12 Days of Personal Finance

What To Do When the IRS Comes-a-Calling

Texas CPAs Offer Tips on Preparing for an Audit

What’s the one thing that can send chills down a taxpayer’s spine more than a cold winter wind? The thought of an Internal Revenue Service (IRS) audit.

Texas CPAs say you should respond promptly if you receive an audit notice from the IRS. You can ask for a postponement in order to have more time to gather your documents and prepare for the audit.

According to Texas Society of Certified Public Accountants (TSCPA) Chairman, Kym Anderson, the IRS can generally audit your return within three years from the date the return was due or when it was actually filed.

However, the statute of limitations extends to six years if you substantially underreport your income and there is no statute of limitations when you fail to file a return.

“When you’re preparing for an audit, one of the first things to do is read IRS Publication 1, Taxpayer’s Bill of Rights. This document spells out how the IRS must conduct an audit and it explains the rights of a taxpayer whose return is being examined,” said Anderson.

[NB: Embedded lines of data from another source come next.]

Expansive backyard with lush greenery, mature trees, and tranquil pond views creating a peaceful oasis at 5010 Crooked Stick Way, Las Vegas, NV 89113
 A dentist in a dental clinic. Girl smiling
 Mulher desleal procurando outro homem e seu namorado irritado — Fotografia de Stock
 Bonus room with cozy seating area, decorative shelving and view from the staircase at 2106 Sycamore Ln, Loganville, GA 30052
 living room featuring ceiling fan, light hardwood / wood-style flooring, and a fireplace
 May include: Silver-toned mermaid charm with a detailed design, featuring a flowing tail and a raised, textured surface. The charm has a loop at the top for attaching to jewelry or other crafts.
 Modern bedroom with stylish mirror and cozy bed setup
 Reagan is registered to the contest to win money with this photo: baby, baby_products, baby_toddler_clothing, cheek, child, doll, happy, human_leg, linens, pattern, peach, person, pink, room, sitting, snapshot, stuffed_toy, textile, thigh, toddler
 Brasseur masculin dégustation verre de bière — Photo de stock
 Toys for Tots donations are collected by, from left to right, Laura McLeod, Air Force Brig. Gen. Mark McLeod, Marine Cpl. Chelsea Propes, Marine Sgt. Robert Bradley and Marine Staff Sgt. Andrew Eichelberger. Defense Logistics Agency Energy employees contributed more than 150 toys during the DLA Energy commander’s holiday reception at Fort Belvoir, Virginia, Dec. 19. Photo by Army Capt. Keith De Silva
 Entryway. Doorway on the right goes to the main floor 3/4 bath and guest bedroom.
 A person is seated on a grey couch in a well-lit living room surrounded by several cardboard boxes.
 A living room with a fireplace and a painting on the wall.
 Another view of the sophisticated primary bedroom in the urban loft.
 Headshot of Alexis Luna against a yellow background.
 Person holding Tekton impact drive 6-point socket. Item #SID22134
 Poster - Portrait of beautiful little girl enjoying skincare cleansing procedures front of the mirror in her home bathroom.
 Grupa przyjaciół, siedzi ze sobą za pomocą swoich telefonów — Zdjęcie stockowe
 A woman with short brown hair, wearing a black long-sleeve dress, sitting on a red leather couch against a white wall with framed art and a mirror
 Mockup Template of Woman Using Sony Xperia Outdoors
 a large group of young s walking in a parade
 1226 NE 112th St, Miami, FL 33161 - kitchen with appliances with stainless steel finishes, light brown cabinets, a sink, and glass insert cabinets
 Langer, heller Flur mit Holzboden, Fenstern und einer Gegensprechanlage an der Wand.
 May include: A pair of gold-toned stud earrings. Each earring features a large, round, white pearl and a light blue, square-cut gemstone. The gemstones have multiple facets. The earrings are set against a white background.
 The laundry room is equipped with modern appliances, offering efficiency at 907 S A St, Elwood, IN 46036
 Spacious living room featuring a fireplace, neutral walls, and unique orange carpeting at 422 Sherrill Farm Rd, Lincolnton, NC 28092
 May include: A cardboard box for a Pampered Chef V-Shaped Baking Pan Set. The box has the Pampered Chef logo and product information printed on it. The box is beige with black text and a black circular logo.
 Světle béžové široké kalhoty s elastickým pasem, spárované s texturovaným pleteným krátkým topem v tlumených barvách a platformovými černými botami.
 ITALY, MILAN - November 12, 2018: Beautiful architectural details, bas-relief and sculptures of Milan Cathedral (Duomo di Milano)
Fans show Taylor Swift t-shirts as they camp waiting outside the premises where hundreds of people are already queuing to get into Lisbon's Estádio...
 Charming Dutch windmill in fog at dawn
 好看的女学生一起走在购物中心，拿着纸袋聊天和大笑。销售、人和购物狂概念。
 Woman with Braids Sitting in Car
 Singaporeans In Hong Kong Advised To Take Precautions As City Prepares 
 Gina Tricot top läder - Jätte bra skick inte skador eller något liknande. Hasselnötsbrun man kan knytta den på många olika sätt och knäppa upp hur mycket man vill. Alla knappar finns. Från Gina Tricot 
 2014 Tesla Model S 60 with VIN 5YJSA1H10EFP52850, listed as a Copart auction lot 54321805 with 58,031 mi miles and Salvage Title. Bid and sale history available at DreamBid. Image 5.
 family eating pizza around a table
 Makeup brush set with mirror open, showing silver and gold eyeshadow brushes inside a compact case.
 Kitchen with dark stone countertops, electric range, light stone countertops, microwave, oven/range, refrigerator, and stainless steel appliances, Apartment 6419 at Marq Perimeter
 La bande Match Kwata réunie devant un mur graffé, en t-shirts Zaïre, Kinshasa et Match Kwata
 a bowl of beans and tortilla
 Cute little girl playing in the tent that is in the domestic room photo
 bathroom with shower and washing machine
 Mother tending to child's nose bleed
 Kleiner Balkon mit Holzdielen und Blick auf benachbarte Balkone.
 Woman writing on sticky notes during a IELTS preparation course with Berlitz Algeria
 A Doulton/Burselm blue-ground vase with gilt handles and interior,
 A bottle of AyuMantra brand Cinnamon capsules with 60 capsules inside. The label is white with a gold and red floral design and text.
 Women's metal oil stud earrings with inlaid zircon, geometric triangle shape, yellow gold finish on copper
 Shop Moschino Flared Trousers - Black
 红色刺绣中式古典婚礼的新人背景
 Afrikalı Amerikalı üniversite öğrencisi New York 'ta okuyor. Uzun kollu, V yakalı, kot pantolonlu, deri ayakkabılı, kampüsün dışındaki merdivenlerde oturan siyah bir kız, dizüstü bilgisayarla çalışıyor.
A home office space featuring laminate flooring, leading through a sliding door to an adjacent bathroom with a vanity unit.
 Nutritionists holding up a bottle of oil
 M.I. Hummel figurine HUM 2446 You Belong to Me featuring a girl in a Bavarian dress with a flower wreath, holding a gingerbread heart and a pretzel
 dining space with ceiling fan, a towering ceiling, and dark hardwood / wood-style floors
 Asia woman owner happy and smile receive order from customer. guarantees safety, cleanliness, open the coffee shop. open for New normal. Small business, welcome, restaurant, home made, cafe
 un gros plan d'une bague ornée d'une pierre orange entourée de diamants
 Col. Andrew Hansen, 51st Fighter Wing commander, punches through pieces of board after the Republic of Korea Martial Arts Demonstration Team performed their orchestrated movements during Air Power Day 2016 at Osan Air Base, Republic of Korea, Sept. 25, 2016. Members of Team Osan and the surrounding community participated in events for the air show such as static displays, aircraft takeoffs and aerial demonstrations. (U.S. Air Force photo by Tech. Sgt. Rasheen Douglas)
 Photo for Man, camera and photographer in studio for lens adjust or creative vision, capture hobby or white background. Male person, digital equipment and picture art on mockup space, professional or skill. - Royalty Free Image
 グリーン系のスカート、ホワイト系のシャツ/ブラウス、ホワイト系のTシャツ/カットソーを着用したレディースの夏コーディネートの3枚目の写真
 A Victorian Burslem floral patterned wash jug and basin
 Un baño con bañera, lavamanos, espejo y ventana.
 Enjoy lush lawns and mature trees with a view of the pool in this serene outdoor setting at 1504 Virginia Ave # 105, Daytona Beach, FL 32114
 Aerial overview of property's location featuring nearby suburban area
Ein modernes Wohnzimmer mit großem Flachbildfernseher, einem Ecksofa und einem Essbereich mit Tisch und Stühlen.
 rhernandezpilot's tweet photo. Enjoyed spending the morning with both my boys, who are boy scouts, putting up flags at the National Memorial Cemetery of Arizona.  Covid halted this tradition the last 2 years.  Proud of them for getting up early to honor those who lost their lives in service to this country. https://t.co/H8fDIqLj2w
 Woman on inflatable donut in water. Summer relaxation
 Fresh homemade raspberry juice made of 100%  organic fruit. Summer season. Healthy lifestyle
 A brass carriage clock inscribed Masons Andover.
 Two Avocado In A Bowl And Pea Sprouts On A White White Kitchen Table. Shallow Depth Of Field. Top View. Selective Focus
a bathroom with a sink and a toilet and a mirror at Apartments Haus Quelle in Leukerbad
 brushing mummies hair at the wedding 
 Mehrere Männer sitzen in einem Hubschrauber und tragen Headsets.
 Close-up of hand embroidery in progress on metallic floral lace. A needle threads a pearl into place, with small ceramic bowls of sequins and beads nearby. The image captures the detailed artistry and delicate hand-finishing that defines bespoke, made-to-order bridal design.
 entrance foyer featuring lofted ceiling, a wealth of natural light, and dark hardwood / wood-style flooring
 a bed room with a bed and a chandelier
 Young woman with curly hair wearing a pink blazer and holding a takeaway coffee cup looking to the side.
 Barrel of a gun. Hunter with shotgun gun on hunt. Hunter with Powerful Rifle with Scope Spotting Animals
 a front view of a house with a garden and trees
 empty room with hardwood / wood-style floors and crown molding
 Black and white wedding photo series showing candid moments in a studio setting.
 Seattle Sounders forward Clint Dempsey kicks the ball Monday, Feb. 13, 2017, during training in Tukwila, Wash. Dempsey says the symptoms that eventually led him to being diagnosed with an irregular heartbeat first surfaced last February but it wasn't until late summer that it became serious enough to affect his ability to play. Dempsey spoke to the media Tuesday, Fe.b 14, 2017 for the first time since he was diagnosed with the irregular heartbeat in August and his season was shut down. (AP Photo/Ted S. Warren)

Besides being aware of your rights, Texas CPAs recommend thoroughly reviewing your return to refresh your memory and to start collecting all the relevant records and documents you need to support income, deductions and credits.

In most cases, it’s also a good idea to enlist the services of a CPA or other tax professional. He or she can help prepare you before you go to the audit, accompanying you, or by attending in your place.